The Obama administration insists that the courts must read the ACA in context of a national health-care reform effort.
“The text, structure, and purpose of the ACA make clear that tax credits are available to consumers regardless of whether the Exchange on which they purchased their health insurance coverage is a creature of the state or the federal bureaucracy,” Alisa Klein, a Justice Department lawyer, wrote in her brief urging the D.C. Circuit to rehear the case.
“Congress intended an Exchange to operate effectively in each State and gave each State a real choice whether to create that Exchange itself,” Ms. Klein wrote. “It did not deny tax credits to individuals who need them in States that opted to have [the federal government] set up their Exchanges.”
Opponents of the ACA, argue that the bill was written to create incentives for states to establish health exchanges. They say lawmakers assumed that every state would participate, rather than lose out on substantial federal subsidies.
They argue that the law appropriated unlimited funding for states to set up their own exchanges, but earmarked zero for the federal government to set up exchanges.
“We believe we are correct on the merits in this case,” Sam Kazman, general counsel of the Competitive Enterprise Institute (CEI), said in a statement.
“Our position is supported by the text of the Affordable Care Act, and we intend to present our arguments forcefully before the full D.C. Circuit,” he said.
Mr. Kazman, whose organization is funding the challenges to the ACA in both the Fourth and D.C. Circuits, noted that the CEI has filed a petition asking the Supreme Court to take up the Fourth Circuit’s decision.

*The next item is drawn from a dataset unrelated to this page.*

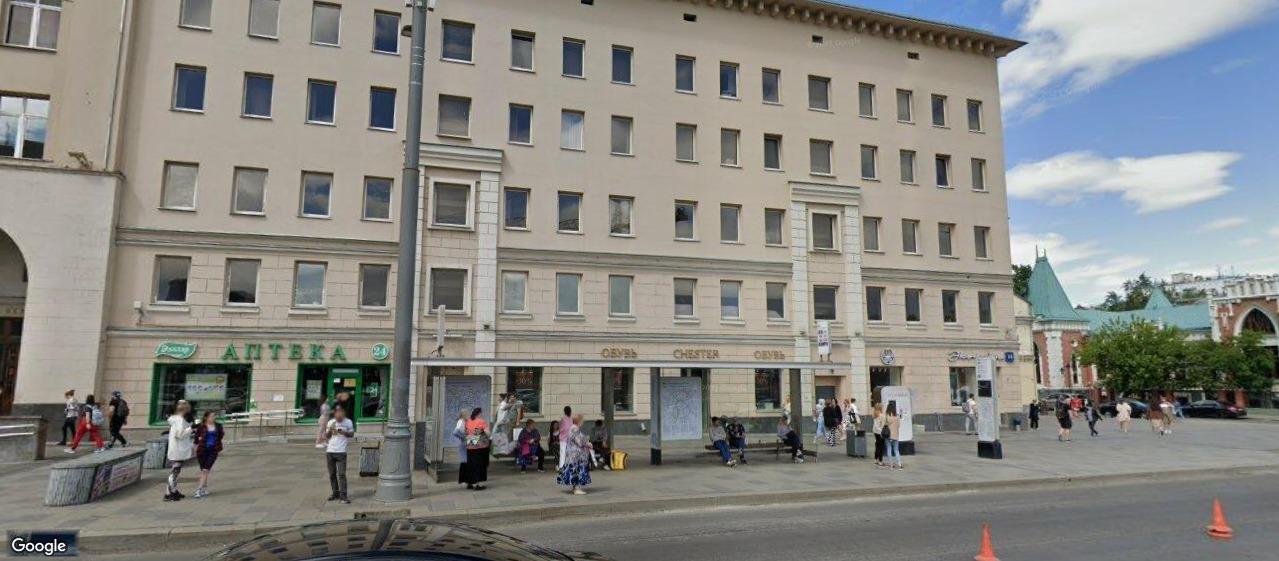 Зацепский вал улица 14с1, м. Павелецкая, офисы от 129 до 943 м², фото объекта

“We continue to believe that [the US Supreme Court] is the only court that can resolve this issue in the quick and final manner that the country deserves,” he said.
Elizabeth Wydra of the Constitutional Accountability Center said the D.C. Circuit’s decision would likely cause the Supreme Court to back away from the Fourth Circuit case.
“If the Supreme Court follows normal practice, they will not preempt the D.C. Circuit’s review process, as well as other lower courts now hearing similar cases,” she said in a statement.
“Opponents of the ACA have been desperate in moving to get this case before the Supreme Court, and with today’s ruling from the D.C. Circuit – and in the absence of any future split between the circuit courts – it is possible it will never get there,” she said.
The case is Halbig v. Burwell (14-5018).